In Creative Conversations with James Whiting

We return with our Creative Conversation Series.

We are back with edition three of our Creative Conversation series, a space to learn more about our community, dive into the rituals, creative lives and bathing habits of artists, writers and creatives we admire. This time, we sat down with James Whiting, photographer and artist. James shares his relationship with water and movement and how he uses them to inspire creative thinking.


black and white headshot of James Whiting

James Whiting (He/Him) is a photographer and artist based in Naarm (Melbourne), Australia, working in text and art direction too. He has published artist books, exhibited work locally and globally. He also currently co-directs Good Sport Magazine.


SOS: Hey James, wonderful to have you.  We love the tender, poetic nature of your work. Where do you do most of your creative thinking, and what do you do to inspire yourself?

Hello! Wonderful to be here. That’s very kind, thank you.
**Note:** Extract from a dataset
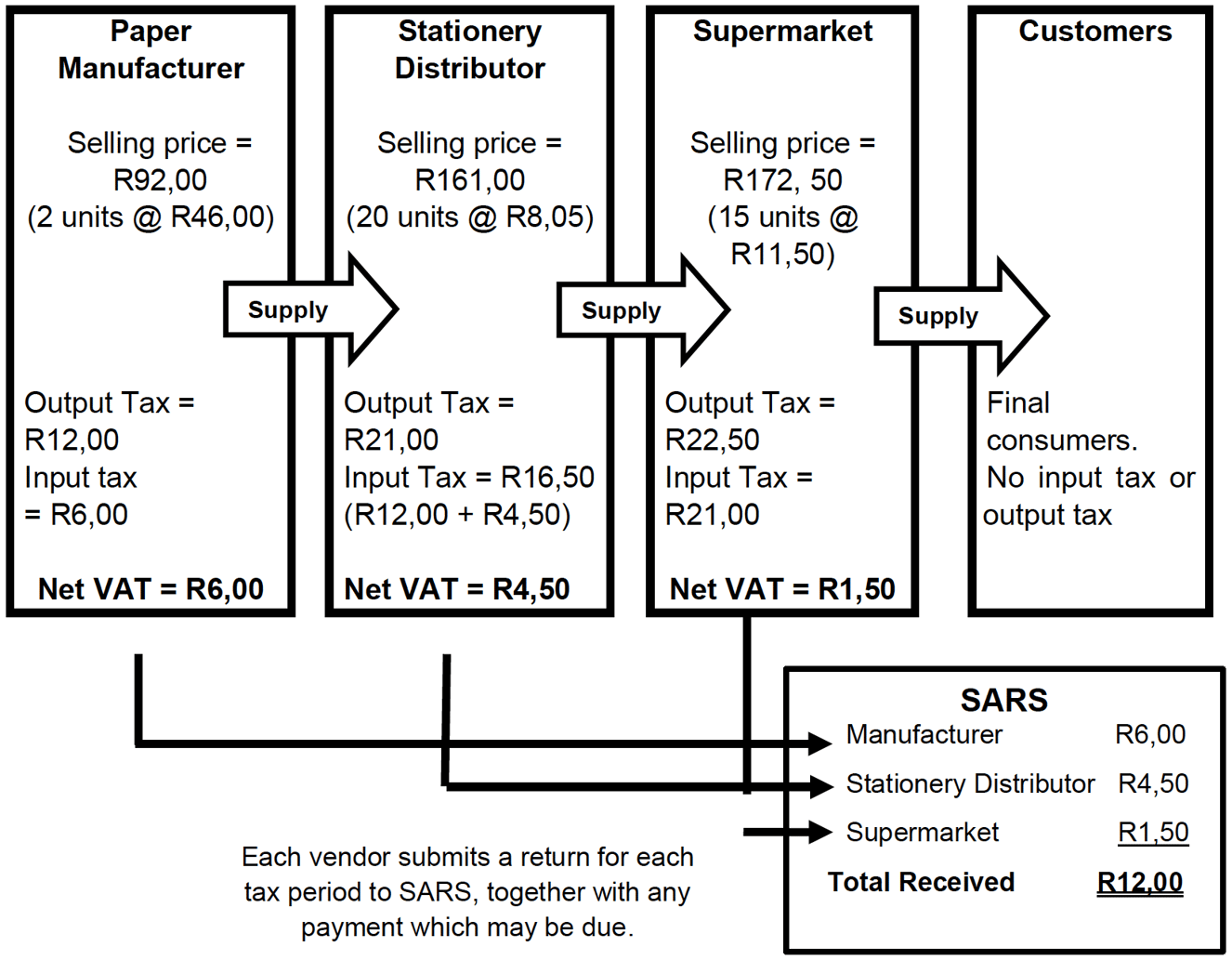 VAT Who Should Register And How Does It Work vat-who-should-register-and-how-does-it-work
My thinking space for anything creative seems so inconsistent and surprising even, but when I’m out running by myself – that’s always somewhere I can count on to a degree and where things seem to ‘happen’ most. Thinking feels more streamlined and concentrated whilst moving like that. There isn’t really any room to procrastinate there and I think I’m the most direct and honest with myself. After absorbing so much through my day to day, while running I find I can really just cut to the point and figure out what I really mean. 

Inspiration has been a bit elusive recently – I think I’ve been quite frustrated in that respect. I feel like I’m seeing so many things that feel tired and obvious, or just not my taste. There are a few milestone artists that I’ll always re-engage with when I’m feeling a bit lost – Broomberg & Chanarin, Miranda July, Mike Mills, Taryn Simon and Geoff McFetridge being some of the names at the top of that list. Looking into Installation and sculpture art, looking at any of the artists represented by Webber, and particularly paying close attention to song lyrics and music really reignites me. The feelings that I get from these things are so unexplainably tangible to me. I think I’m most inspired by anything that just really hits me in the chest. Anything with a degree of tension or unexpected beauty that leaves me with questions to ask, instead of something that just gives you all of the answers.


black and white photographs of bathhouse by james whiting

Photographs by James Whiting, a creative response to the bathhouse

SOS: When did you start using photography as a tool to create art and what led you to it?

It’s kind of funny actually – I was introduced to photography when I was overseas with my family, I was maybe 14, and my Uncle had an early Nikon digital camera which wasn’t like any camera I’d seen before. He let me have a go at taking some pictures on it, but I can’t actually remember how I felt about it at first. He also let my little brother have a go at it too, and everyone seemed to like his pictures way more than mine, which I naively found infuriating, haha. I think that small and self-manufactured sense of competition probably spurred me on to pick up that camera for a second time, and a third, and fourth, until a more pure curiosity of visual investigation overwrote that initial motivation.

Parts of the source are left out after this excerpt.